* [EXERCISE OBJECTIVE]
Without the images, reproduce every entry exactly.
++++
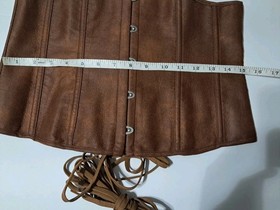 Women's corset with laces, metal hooks and flexible boning, brown.XL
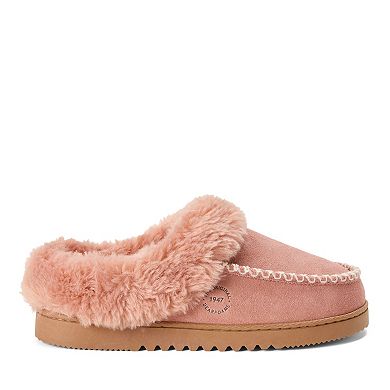Dearfoams Women's Genuine Suede Slip-On Clog Slippers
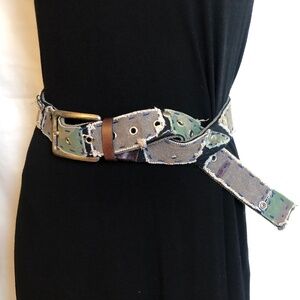 Distressed Patch Work Camo Patterned Belt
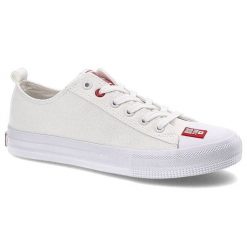 Trampki unisex Big Star, niski model sznurowany wykonany z materiału tekstylnego z metalowymi przelotkami gumowym noskiem i białą gumową podeszwą, bi. Białe trampki damskie Big Star, bez wzorów, z gumy, bez zapięcia. Za 85.00 zł.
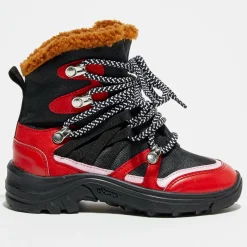 Outlet Stella McCartney Bottes fourrées noir/rouge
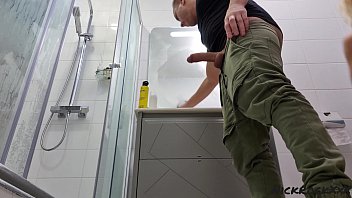 Deep Double Penetration in gymnast Lara Frost ! Anal sex in the toilet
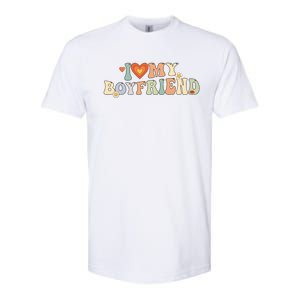 I Love My Boyfriend Groovy Retro I Red Heart My Boyfriend Bf Softstyle CVC T-Shirt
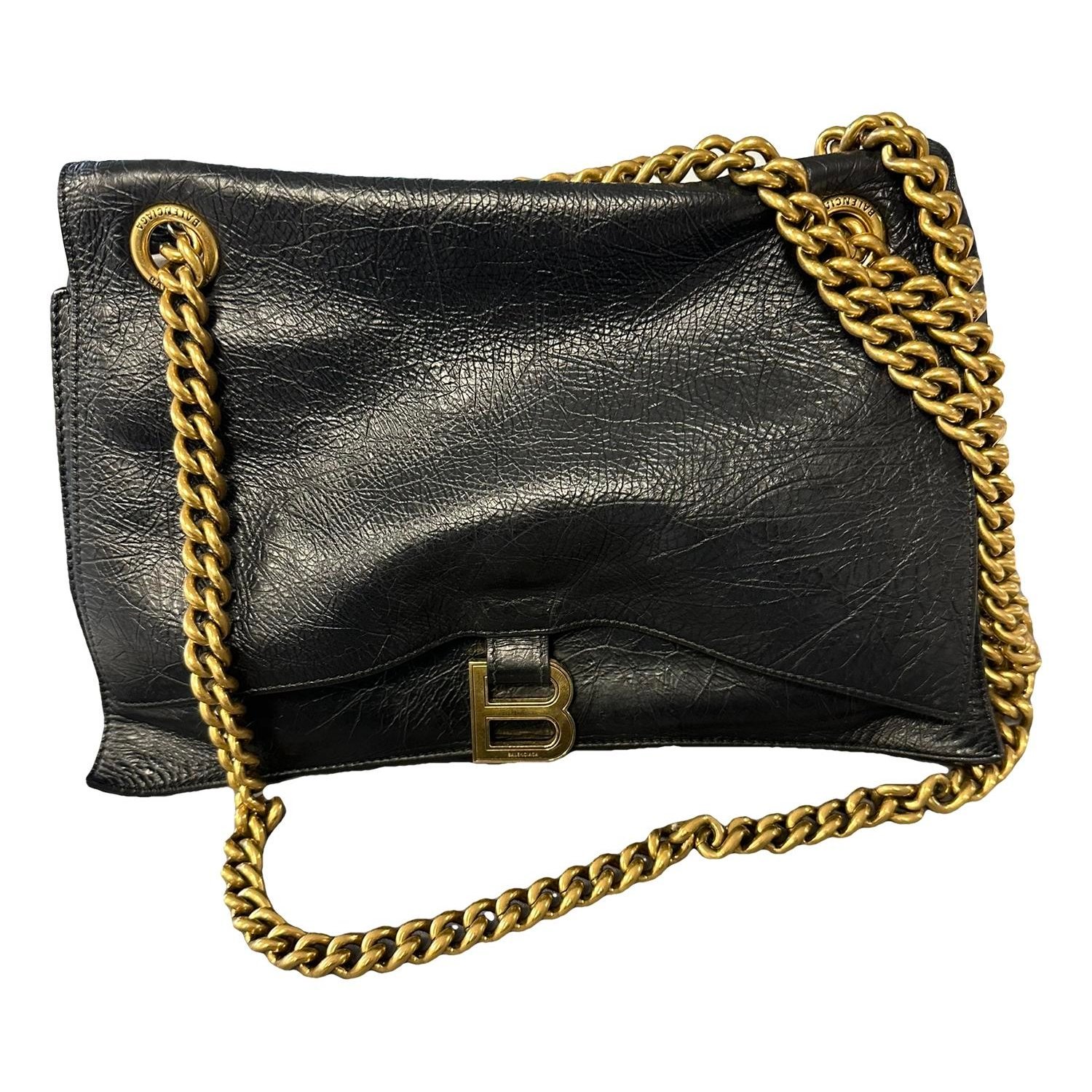 Crush leather handbag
++++
* [WRITTEN SOLUTION]
 Women's corset with laces, metal hooks and flexible boning, brown.XL
Dearfoams Women's Genuine Suede Slip-On Clog Slippers
 Distressed Patch Work Camo Patterned Belt
 Trampki unisex Big Star, niski model sznurowany wykonany z materiału tekstylnego z metalowymi przelotkami gumowym noskiem i białą gumową podeszwą, bi. Białe trampki damskie Big Star, bez wzorów, z gumy, bez zapięcia. Za 85.00 zł.
 Outlet Stella McCartney Bottes fourrées noir/rouge
 Deep Double Penetration in gymnast Lara Frost ! Anal sex in the toilet
 I Love My Boyfriend Groovy Retro I Red Heart My Boyfriend Bf Softstyle CVC T-Shirt
 Crush leather handbag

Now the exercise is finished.